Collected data
■ ■ ■ ■ ■
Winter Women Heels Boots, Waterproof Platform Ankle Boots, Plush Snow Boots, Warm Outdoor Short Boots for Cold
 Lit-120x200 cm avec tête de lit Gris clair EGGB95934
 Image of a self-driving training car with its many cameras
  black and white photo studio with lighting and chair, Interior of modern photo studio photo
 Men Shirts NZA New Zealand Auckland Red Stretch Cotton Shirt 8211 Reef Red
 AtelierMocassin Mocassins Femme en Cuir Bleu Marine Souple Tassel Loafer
■ ■ ■ ■ ■
Task directions => Scan the records above and tell how many lines include the word "with"; the number is all that should be written.

Solution to this problem => 2